Rebuilding Christchurch, Fiji opens up to Russia and Samoa’s most senior female politician.
There was a time after the devastating 2011 earthquake when some wondered whether Christchurch would survive at all. With 185 people dead and the central business district destroyed, the heart had seemingly been ripped out of the city. But five years on, New Zealand’s third-largest city isn’t just functioning, it’s blooming. “There’s a sense that anything is possible,” says Vicki Buck, the city’s deputy mayor.
Perhaps most important is the nz$635m (€385m) insurance settlement that has given the Christchurch City Council the funds to continue its recovery. Then there was the exit of the state-run Canterbury Earthquake Recovery Authority (Cera). In charge of the city’s rebuild since a month after the earthquake, Cera increasingly fell out of favour with locals frustrated by its top-down decision-making process. It has now been replaced by Regenerate Christchurch; jointly funded by the central government and the council, it puts more decision-making back into local hands. “If you were going to do things differently it might have been getting rid of Cera earlier,” says Buck. “It’s the people who need to be involved.”
The list of projects to either be completed or initiated in 2016 is intimidating. A new music centre, The Piano, is due to be unveiled in July, while the first stages of mixed retail and commercial developments by the name of the bnz Centre and The Terrace are due before the year’s end. There are also plans for a new convention centre. Elsewhere the council is keen to initiate the development of a new cruise-ship terminal at Lyttelton Harbour.
But the recovery is also about reinvention. In March speed limits in the centre of the city were reduced to 30km/h, with nz$65m (€40m) to be spent over the next three years on cycle paths that will extend to the suburbs. Meanwhile, a burgeoning entrepreneurial spirit has the city repositioning itself as a centre for innovation.
Australia’s fast-track visa system, meant to incentivise the wealthy to head down under and invest, is paying dividends. High-net-worth individuals are flocking to Sydney and Melbourne in droves, with a recent New World Wealth report showing that the two cities have the highest number of annual millionaire inflow in the world. While the economic benefits are obvious, prioritising the wealthy further highlights the country’s poor track record when it comes to taking in refugees. As some other nations unveil fast-track systems to welcome Syrian refugees, Australia has rolled out a feature film, Journey, in war-torn nations to deter asylum-seekers.

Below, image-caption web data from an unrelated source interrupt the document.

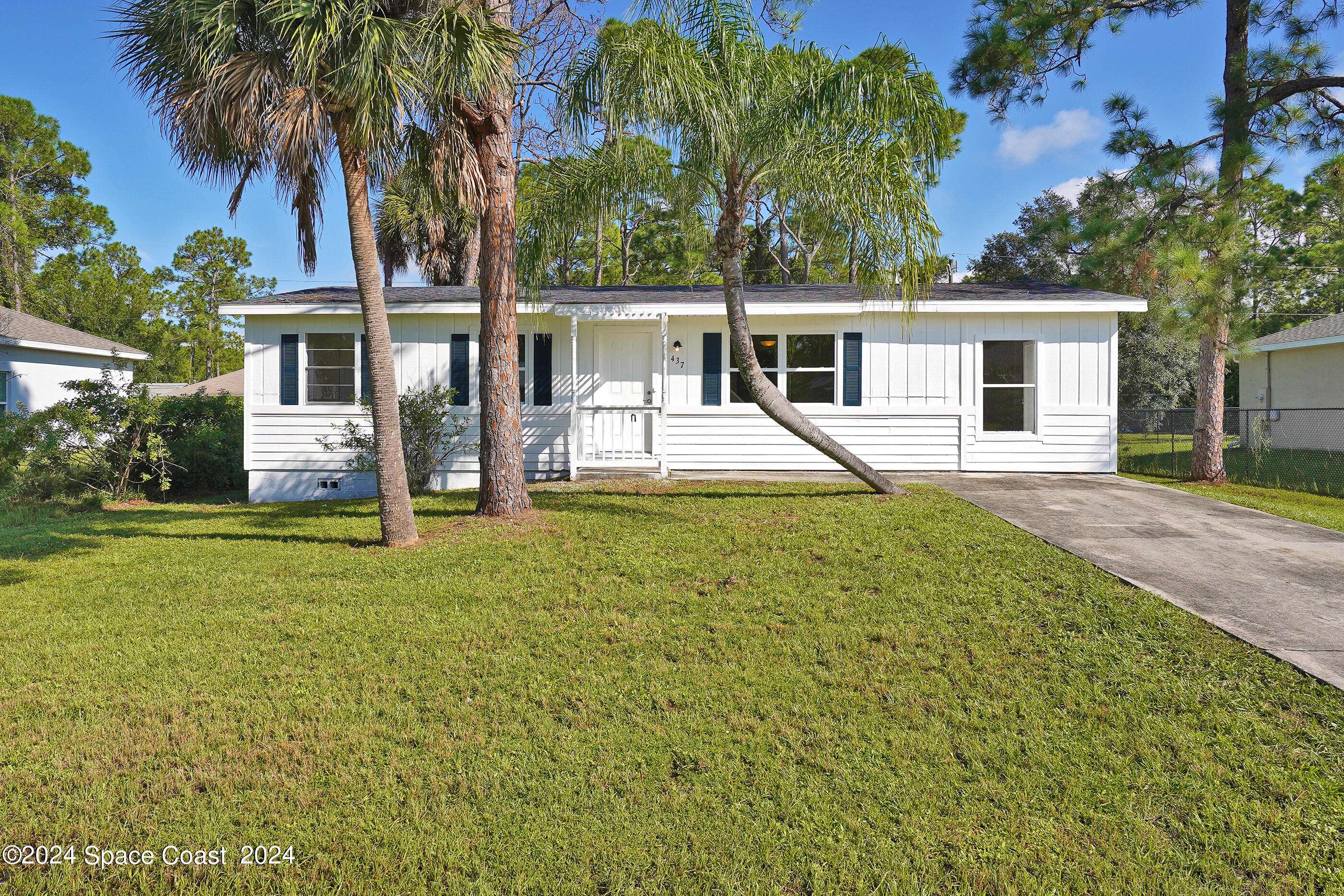 Palm Bay, FL 32908,437 Truvall ST SW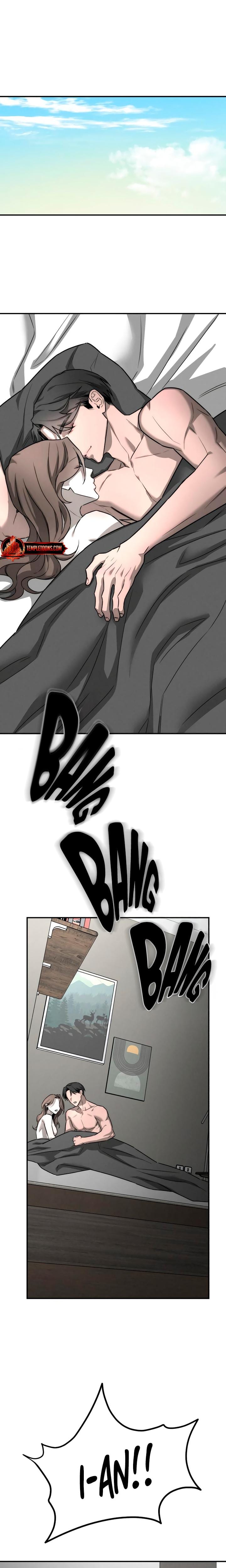 My Wish Is Not A Sin (Uncensored), chapter 48, page 21 of 25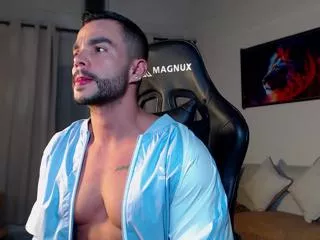 Offline bruno_de_luca on Flirt4Free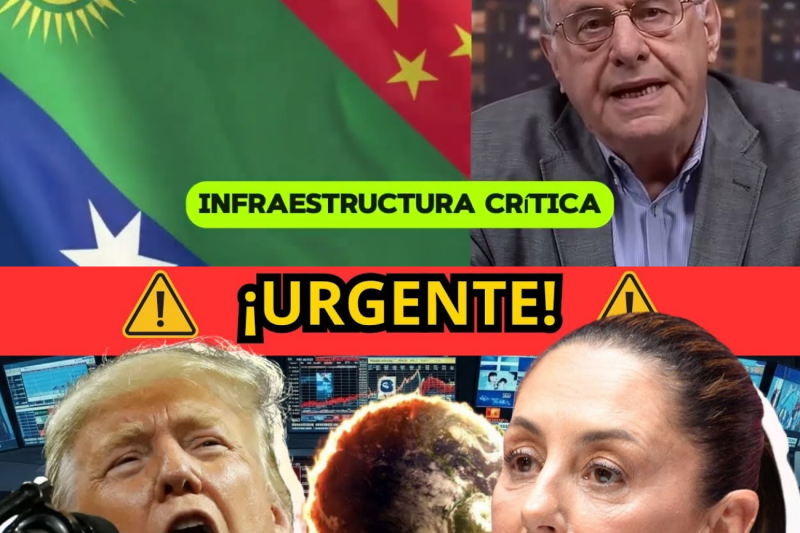 El Ultimátum de Trump a México: El Error Estratégico que Desató un Caos Global y el Fin de la Hegemonía Estadounidense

Not so long ago, Fiji saw Australia and New Zealand as its most important allies. But that all changed in 2006 when Canberra and Wellington imposed sanctions on the island nation after its military coup, which meant that Fiji was left searching for new diplomatic partners. One country endeavouring to fill the void is Russia. In January, Moscow donated 20 containers of weapons to Fiji, ostensibly to upgrade the country’s small peacekeeping force in the Middle East. However, there’s a lingering question about what Russia wants in return. Auckland-based defence analyst Paul Buchanan says, “The suspicion is that the quid pro quo could be a future base for the Russian Pacific fleet.” Watch this space.

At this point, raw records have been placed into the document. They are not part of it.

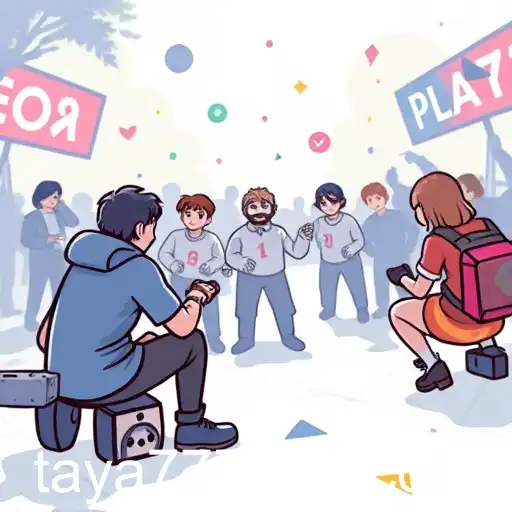 The Rise of Online Gaming Promotions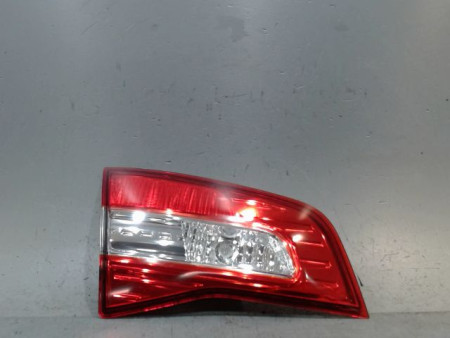 FEU ARRIERE INTERIEUR GAUCHE RENAULT KOLEOS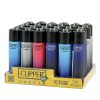 Bật lửa Clipper Nhựa - Ảnh 3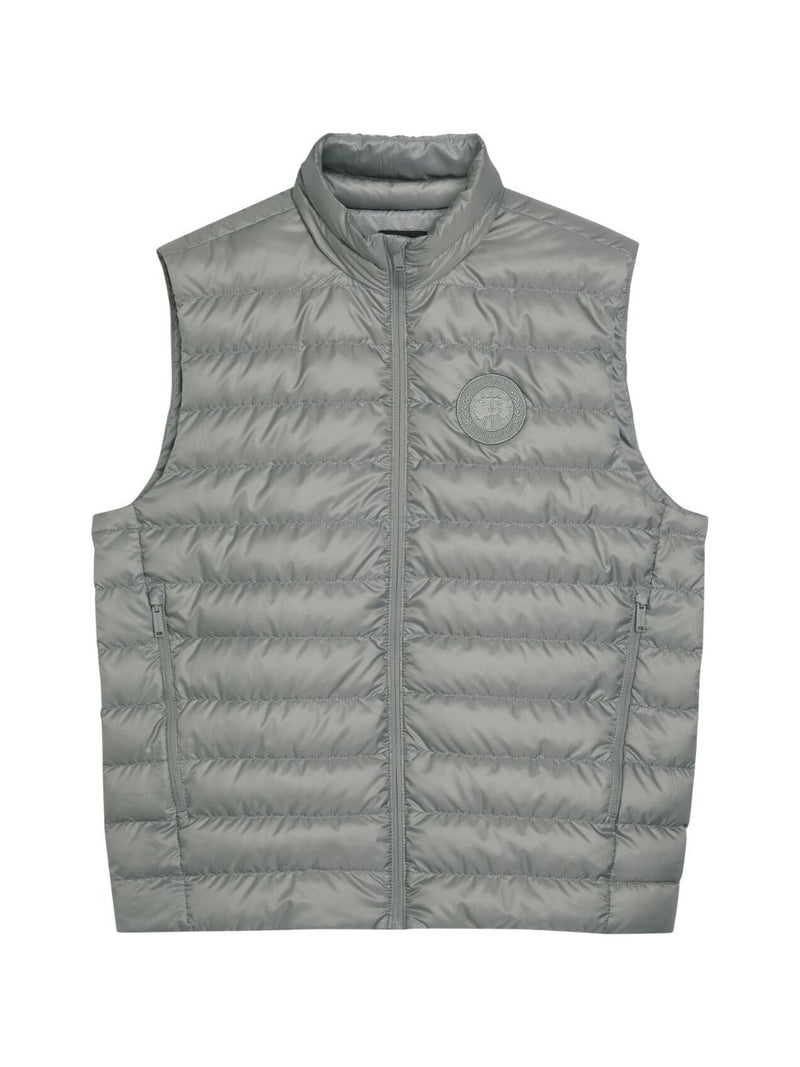 Canada Goose Canada Goose Jackets GREY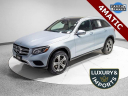 Thumbnail image of 2018 Mercedes-Benz GLC at Luxury Imports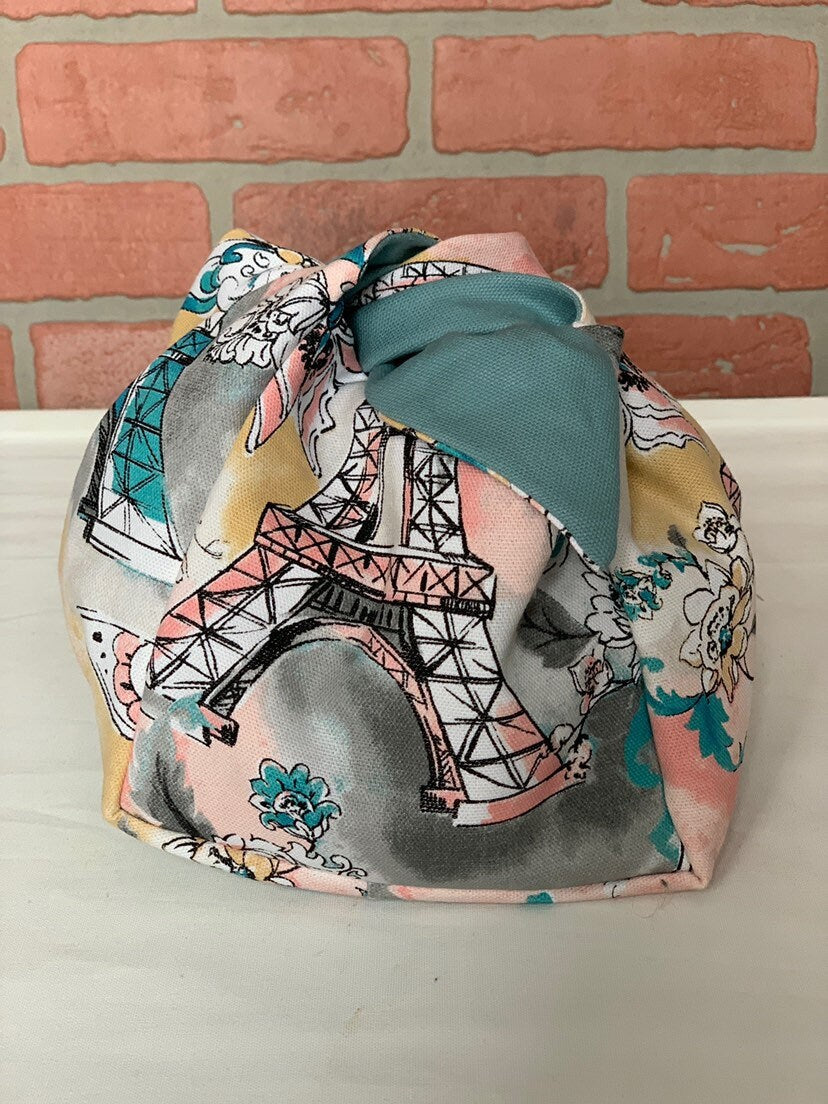 From Paris with Love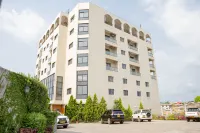 Hotel Hibiscus Louis Hotels in Libreville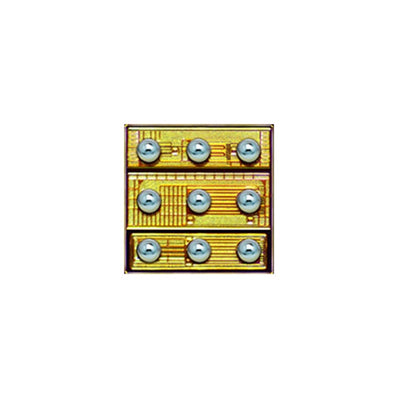 EPC2108 by EPC - GANFET 3 N-CH 60V/100V 9BGA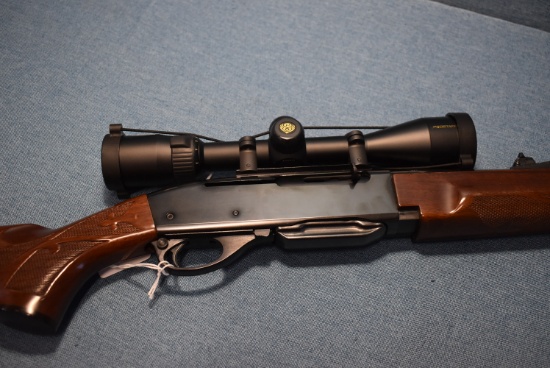 FIREARM/GUN REMINGTON 7400 CARBINE!! R 248
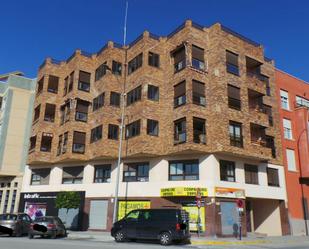 Exterior view of Box room for sale in Orihuela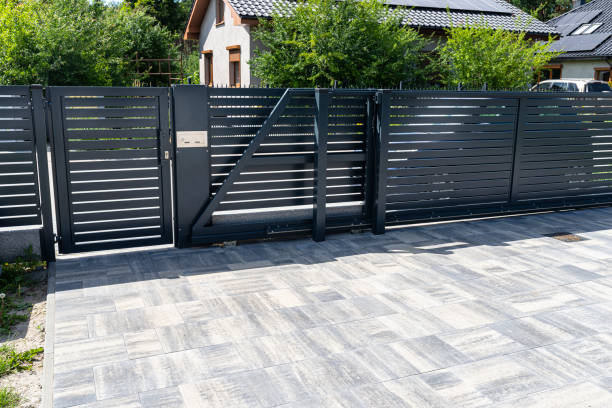 Best Driveway Paver Sealing  in Farmington, MO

The recently appointed – and first female – deputy prime minister of Samoa is passionate about encouraging other women to follow in her footsteps.

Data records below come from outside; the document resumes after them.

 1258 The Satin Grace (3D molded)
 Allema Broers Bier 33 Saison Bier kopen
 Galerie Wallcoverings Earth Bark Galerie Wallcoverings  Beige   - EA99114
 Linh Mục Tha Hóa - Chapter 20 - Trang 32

Why has it taken this long for Samoa to get a female deputy prime minister?
There have never been many women in our parliament. Just like in many other parts of the world, it has traditionally been perceived as an area for men – but that is changing.
What do you think your appointment will mean for women in the Pacific?
Being a role model is important. I hope women can see that there is no office that they cannot aspire to. It takes a lot of confidence for women to enter politics and our society needs to encourage that. In 2013 my party [the centre-right Human Rights Protection party] introduced a special measure to ensure a minimum of five parliamentary seats went to women. The election in March was the first time that we’ve used this new legislation and we’re very pleased with the results.
As the new deputy prime minister, what will be the most important issues on your agenda?
The priority is driving our economy, particularly through tourism and agriculture. We are committed to developing infrastructure in rural areas – transport, utilities, electricity, water – and we have put a lot of work into mitigating the consequences of natural disasters caused by climate change.